**Prompt:**
Everything in the listing should be set down exactly, apart from the pictures.

========================================

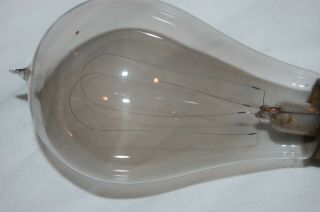 Rare Antique Double Loop Light Bulb T H Base Blown Glass Tip 3
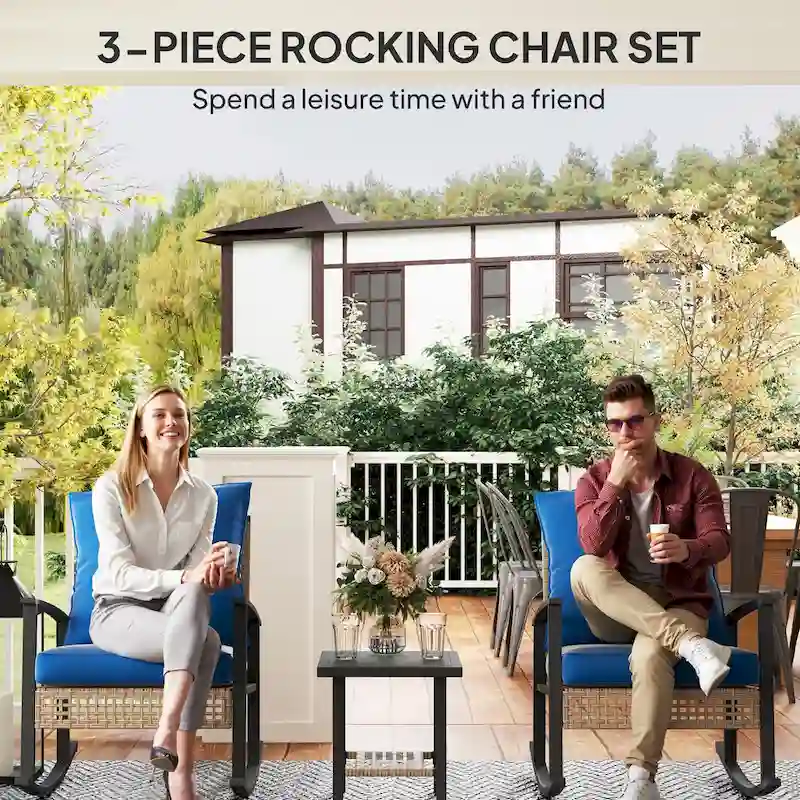 Outsunny 3 Piece Patio Bistro Set, Wicker Furniture Set with Button Tufted Cushions, Rattan Rocking Chairs and Coffee Table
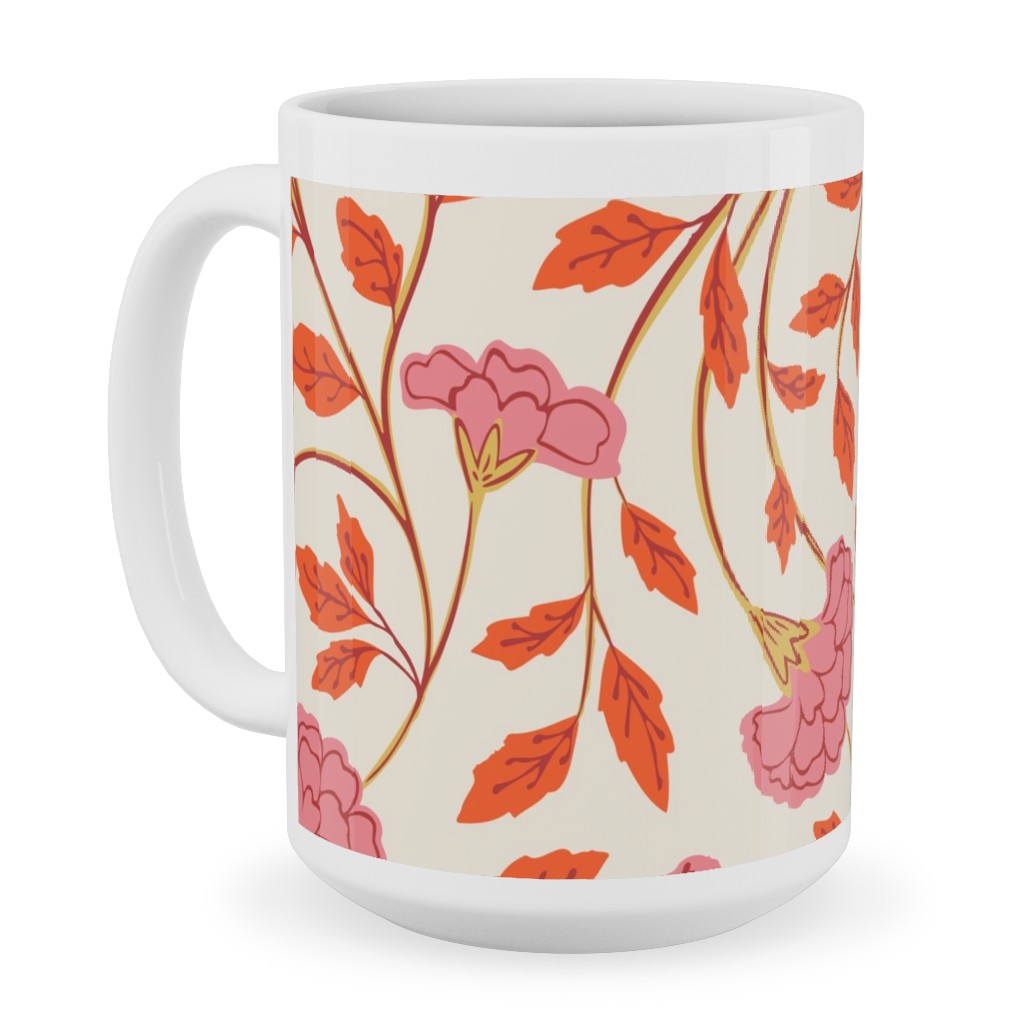 Naisha's Garden Ceramic Mug, White,  , 15oz, Pink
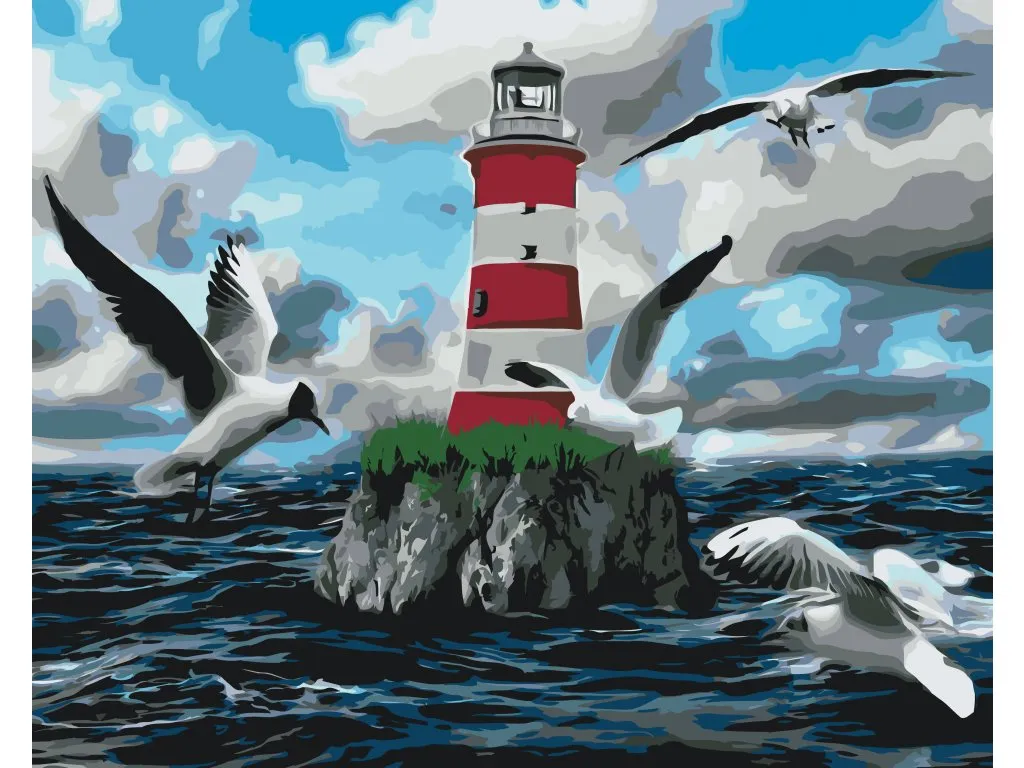 Pintar por Números - Faro blanco y rojo y gaviotas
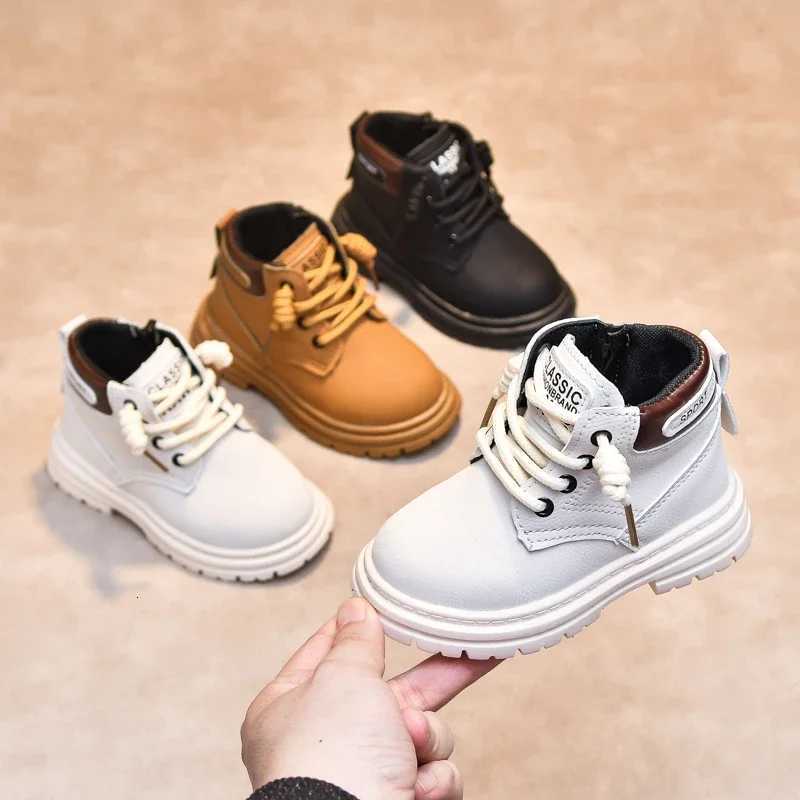 Kids Ankle Boots Side Zipper Round Toes Children Short Boots Waterproof 2025 New Fashion Boys Girls Leather Boots Pu Soft BottomT251015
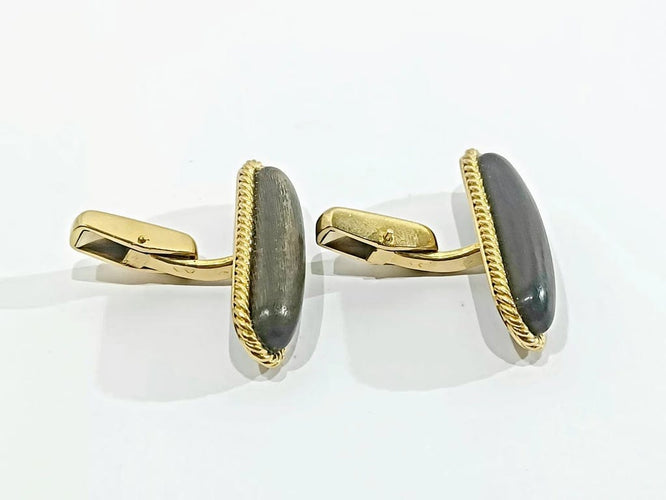 Boutons de manchette Boutons de manchette en or jaune 18 carats et ébène 58 Facettes 3083/4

========================================

**Answer for the task:**
 Rare Antique Double Loop Light Bulb T H Base Blown Glass Tip 3
 Outsunny 3 Piece Patio Bistro Set, Wicker Furniture Set with Button Tufted Cushions, Rattan Rocking Chairs and Coffee Table
 Naisha's Garden Ceramic Mug, White,  , 15oz, Pink
 Pintar por Números - Faro blanco y rojo y gaviotas
 Kids Ankle Boots Side Zipper Round Toes Children Short Boots Waterproof 2025 New Fashion Boys Girls Leather Boots Pu Soft BottomT251015
 Boutons de manchette Boutons de manchette en or jaune 18 carats et ébène 58 Facettes 3083/4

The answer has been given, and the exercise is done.